Your objective:
Exact copy, no pictures: return only the lines below from the line with "Nives * Trogir" up to and including the line with "Ogaden, 1999-Charlie Millar-Framed".

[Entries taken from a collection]
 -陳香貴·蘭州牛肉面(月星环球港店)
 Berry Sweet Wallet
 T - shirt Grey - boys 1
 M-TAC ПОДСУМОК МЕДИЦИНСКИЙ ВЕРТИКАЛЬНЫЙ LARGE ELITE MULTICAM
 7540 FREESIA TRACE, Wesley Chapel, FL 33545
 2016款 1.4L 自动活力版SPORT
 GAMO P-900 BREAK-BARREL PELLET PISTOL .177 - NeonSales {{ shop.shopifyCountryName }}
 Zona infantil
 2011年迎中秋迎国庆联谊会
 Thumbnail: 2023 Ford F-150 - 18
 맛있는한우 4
* * *
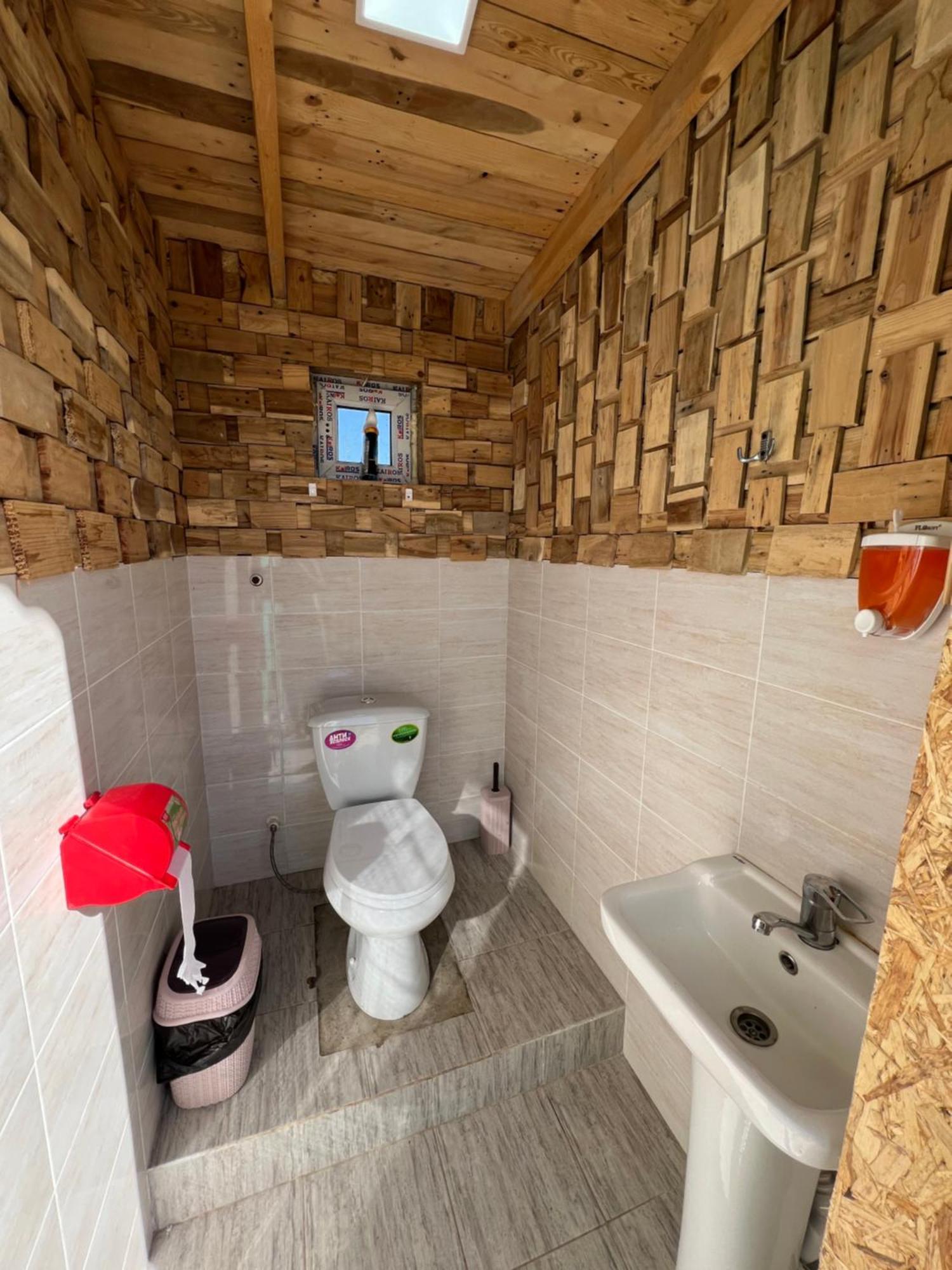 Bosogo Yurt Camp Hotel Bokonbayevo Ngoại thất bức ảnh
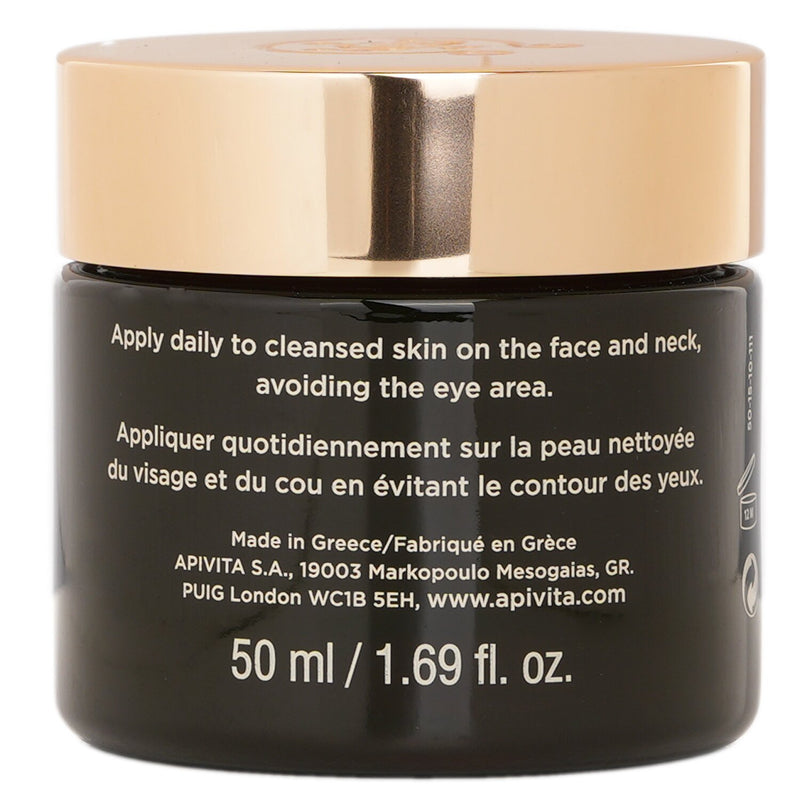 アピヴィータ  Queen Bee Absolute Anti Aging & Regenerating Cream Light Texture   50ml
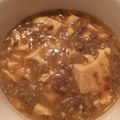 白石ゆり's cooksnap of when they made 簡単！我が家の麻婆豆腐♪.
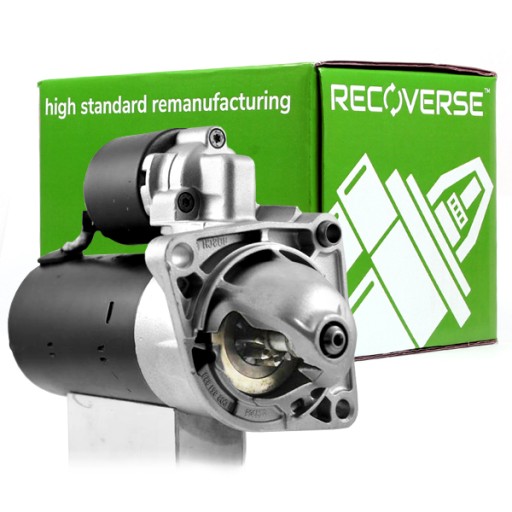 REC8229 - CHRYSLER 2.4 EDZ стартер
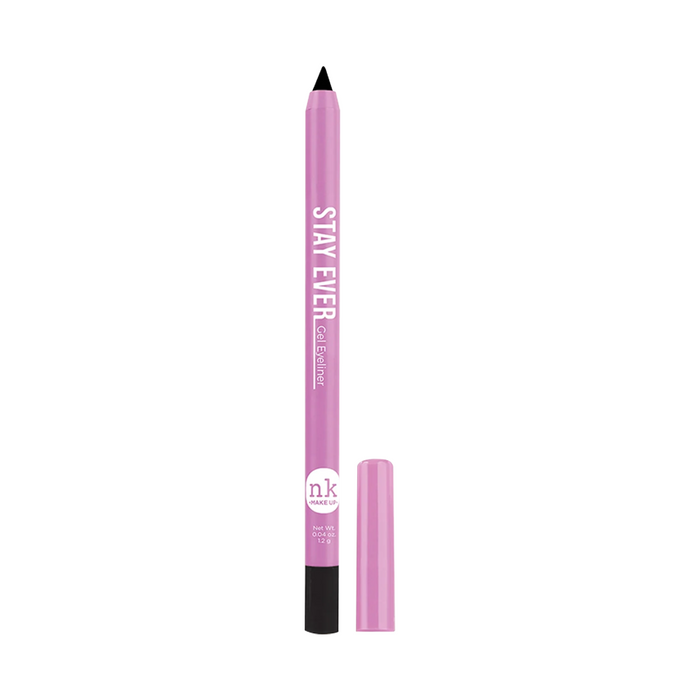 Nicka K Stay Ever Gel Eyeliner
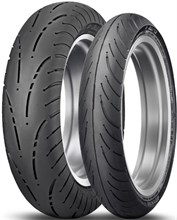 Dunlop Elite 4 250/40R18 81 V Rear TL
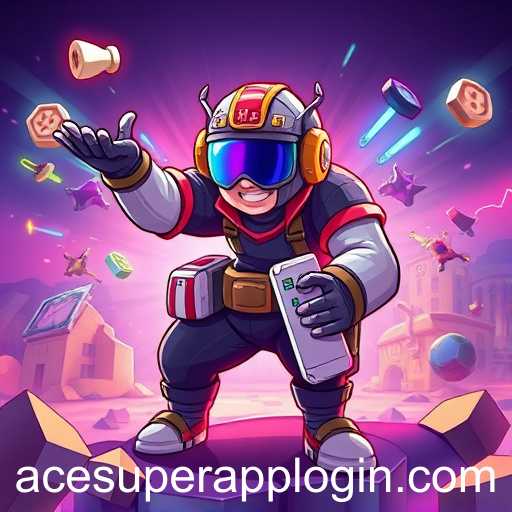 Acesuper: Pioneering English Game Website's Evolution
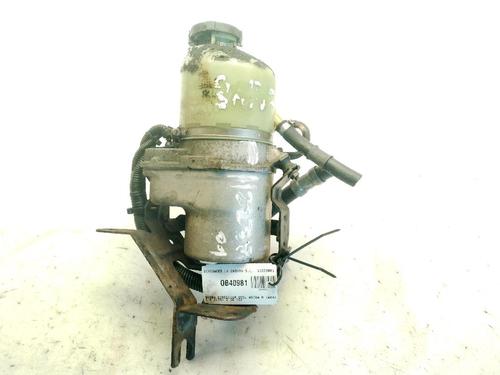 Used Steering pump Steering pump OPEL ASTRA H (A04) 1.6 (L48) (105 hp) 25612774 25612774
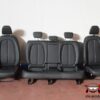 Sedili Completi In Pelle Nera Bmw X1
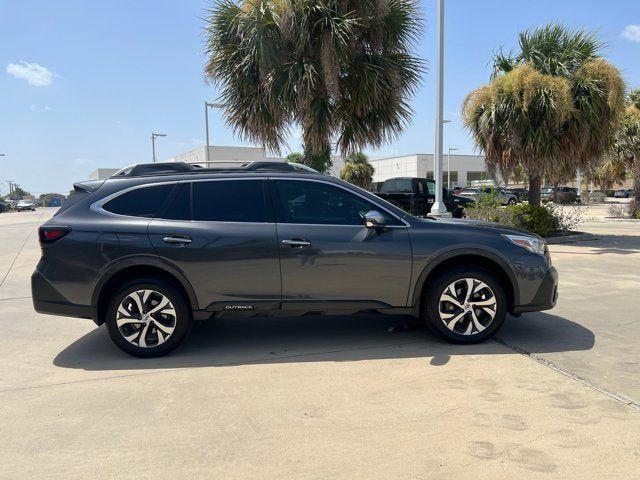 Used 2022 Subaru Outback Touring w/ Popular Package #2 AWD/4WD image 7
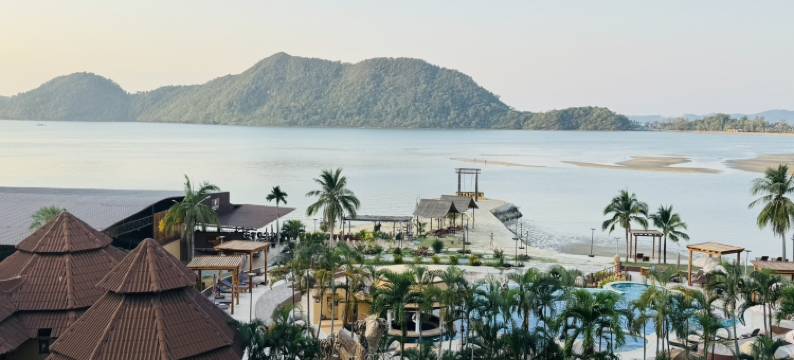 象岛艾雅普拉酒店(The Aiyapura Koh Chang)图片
---
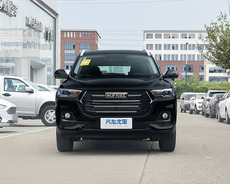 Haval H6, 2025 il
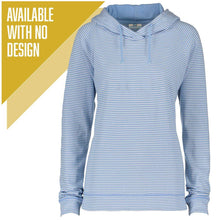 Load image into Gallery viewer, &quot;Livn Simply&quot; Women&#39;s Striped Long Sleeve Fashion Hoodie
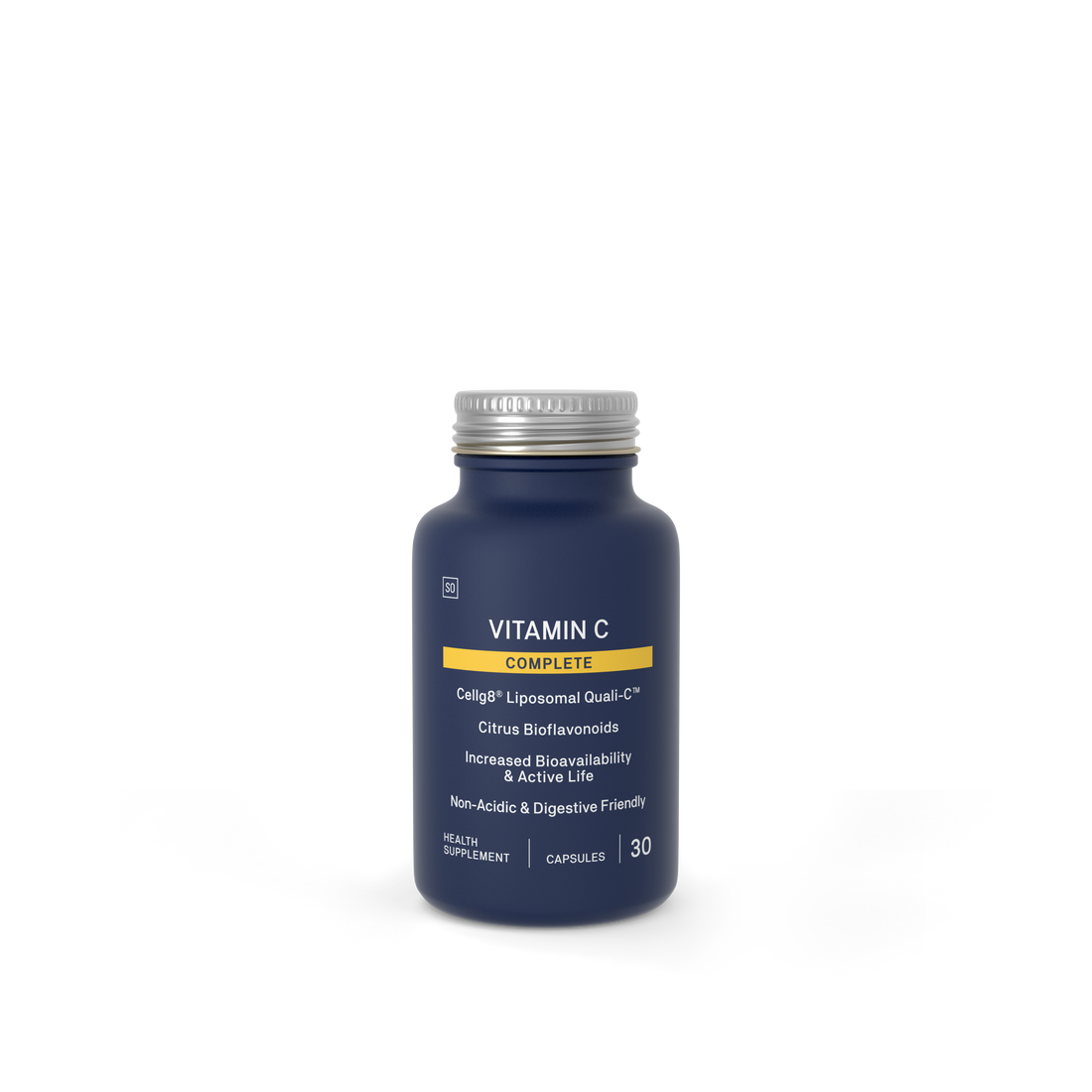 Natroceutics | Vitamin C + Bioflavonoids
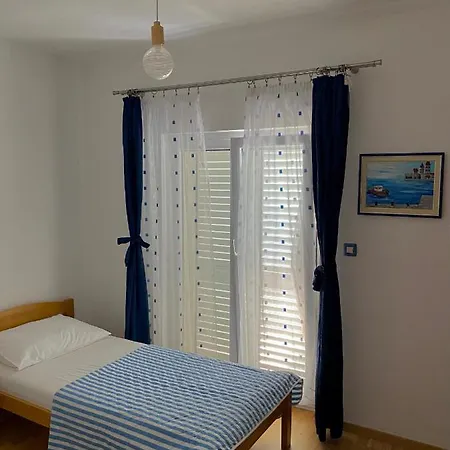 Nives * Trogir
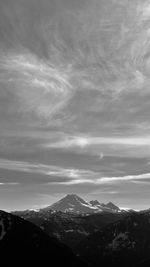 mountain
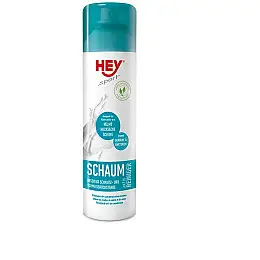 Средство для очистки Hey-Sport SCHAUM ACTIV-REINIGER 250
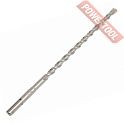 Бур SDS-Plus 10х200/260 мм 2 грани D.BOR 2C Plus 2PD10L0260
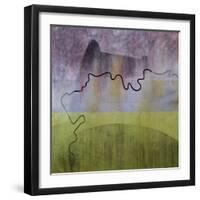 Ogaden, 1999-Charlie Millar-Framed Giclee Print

Answer to this task:
 Nives * Trogir
 mountain
 Средство для очистки Hey-Sport SCHAUM ACTIV-REINIGER 250
 Бур SDS-Plus 10х200/260 мм 2 грани D.BOR 2C Plus 2PD10L0260
 Ogaden, 1999-Charlie Millar-Framed Giclee Print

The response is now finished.